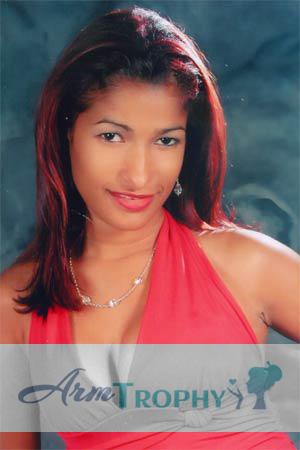 70883 - Liliana Age: 26 - Colombia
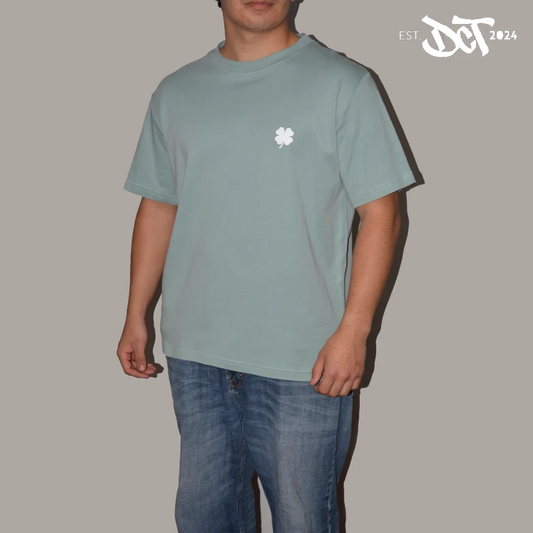 POLERA  ALGODON PIMA DISEÑO TREBOL DOBLE ESTAMPADO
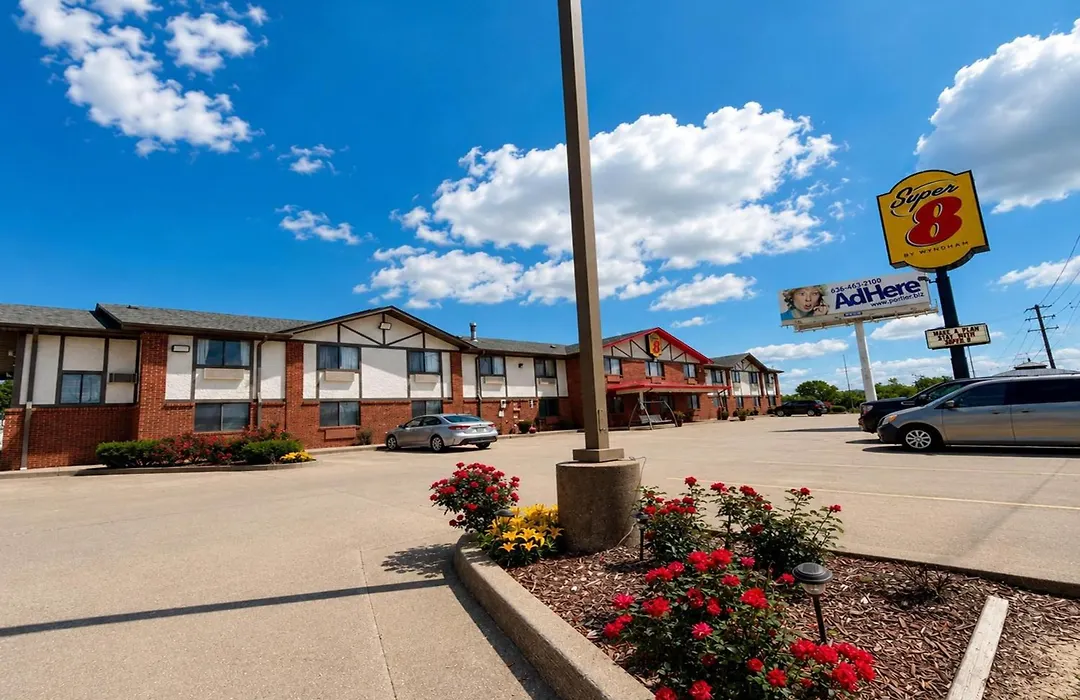 Super 8 By Wyndham Warrenton-1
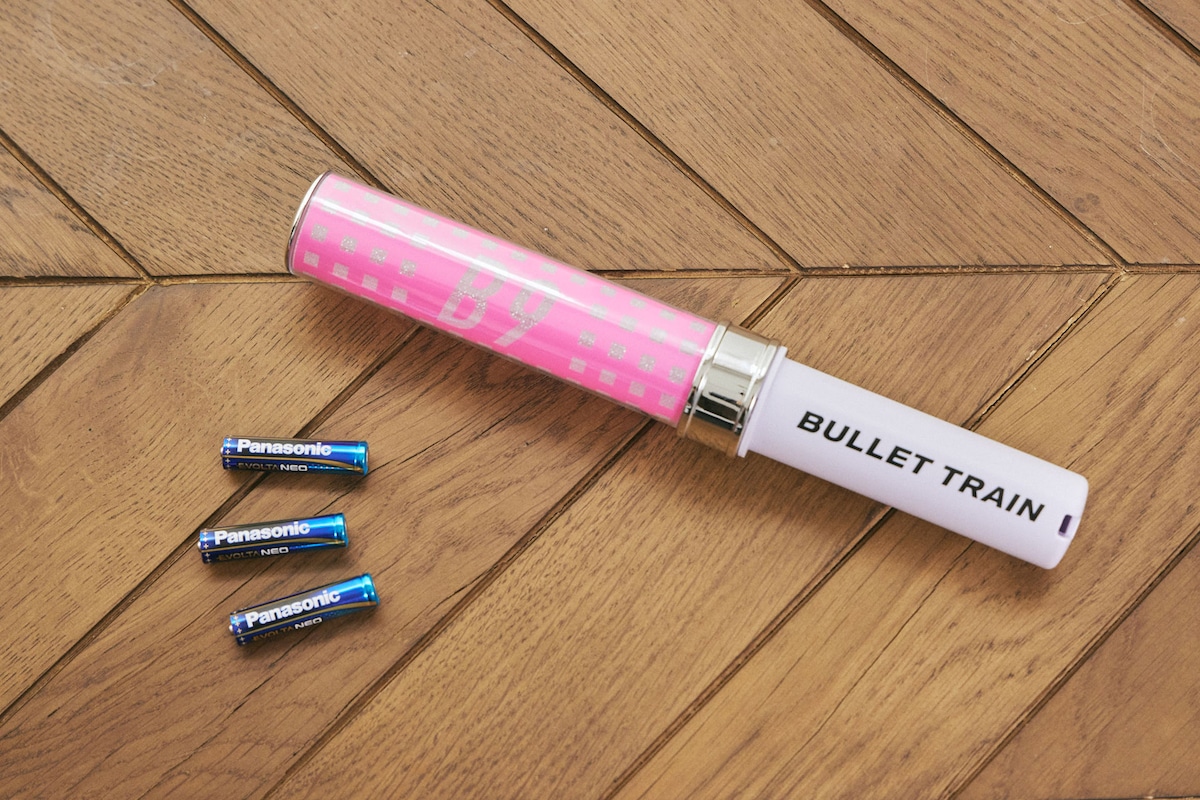 超特急のペンライトと「エボルタNEO」。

## About this task
Every line between the one containing "Super 8 By Wyndham Warrenton-1" and the last line of the data above, both included, should be copied exactly, but not the pictures.

## Result for this task
 Super 8 By Wyndham Warrenton-1
 超特急のペンライトと「エボルタNEO」。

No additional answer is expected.